What the task asks:
Return only those lines of the records below in which "Road" appears.

Supplied material:

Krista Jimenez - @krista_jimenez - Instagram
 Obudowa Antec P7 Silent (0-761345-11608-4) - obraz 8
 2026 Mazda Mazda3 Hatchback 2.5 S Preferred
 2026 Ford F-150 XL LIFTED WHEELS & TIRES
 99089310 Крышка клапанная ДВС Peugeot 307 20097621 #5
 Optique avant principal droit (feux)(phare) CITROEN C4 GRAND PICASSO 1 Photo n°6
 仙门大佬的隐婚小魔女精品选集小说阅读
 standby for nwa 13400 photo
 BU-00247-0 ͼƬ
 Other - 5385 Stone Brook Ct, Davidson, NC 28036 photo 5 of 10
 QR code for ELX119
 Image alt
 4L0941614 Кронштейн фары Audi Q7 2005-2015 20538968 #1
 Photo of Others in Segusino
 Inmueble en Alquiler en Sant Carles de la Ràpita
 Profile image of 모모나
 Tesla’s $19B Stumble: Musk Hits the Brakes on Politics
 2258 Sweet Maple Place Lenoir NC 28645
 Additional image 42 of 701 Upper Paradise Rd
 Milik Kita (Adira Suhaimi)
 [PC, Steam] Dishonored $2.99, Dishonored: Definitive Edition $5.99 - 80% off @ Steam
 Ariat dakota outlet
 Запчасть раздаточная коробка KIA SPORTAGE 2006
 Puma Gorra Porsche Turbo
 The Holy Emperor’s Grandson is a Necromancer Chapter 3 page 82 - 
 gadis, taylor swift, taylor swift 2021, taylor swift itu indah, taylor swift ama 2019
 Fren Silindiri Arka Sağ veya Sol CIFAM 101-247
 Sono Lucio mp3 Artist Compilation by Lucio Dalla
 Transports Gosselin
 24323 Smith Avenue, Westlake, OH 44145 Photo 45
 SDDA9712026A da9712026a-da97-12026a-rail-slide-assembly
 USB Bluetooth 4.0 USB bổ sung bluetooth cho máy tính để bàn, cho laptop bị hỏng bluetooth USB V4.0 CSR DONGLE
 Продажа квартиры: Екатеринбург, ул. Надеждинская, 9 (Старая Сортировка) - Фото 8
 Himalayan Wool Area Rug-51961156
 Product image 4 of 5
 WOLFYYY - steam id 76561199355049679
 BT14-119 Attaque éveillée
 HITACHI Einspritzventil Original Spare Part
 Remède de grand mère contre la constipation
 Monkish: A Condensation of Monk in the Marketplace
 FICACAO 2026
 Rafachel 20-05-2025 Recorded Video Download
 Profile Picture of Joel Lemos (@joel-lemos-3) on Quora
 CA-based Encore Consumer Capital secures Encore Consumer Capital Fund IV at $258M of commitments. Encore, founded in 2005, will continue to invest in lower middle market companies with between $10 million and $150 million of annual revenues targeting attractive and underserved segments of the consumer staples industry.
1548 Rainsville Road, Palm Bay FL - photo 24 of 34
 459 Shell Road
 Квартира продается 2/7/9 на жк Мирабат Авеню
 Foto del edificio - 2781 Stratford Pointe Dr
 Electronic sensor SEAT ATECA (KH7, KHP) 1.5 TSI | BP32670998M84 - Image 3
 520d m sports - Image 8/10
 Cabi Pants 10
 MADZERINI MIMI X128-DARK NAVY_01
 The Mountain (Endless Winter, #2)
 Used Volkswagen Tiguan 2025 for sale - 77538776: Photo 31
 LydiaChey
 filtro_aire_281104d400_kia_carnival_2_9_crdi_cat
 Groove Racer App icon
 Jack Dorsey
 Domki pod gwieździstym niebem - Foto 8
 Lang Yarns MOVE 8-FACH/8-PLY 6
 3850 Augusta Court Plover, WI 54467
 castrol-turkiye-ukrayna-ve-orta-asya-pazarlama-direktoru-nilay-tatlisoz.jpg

Task answer:
1548 Rainsville Road, Palm Bay FL - photo 24 of 34
 459 Shell Road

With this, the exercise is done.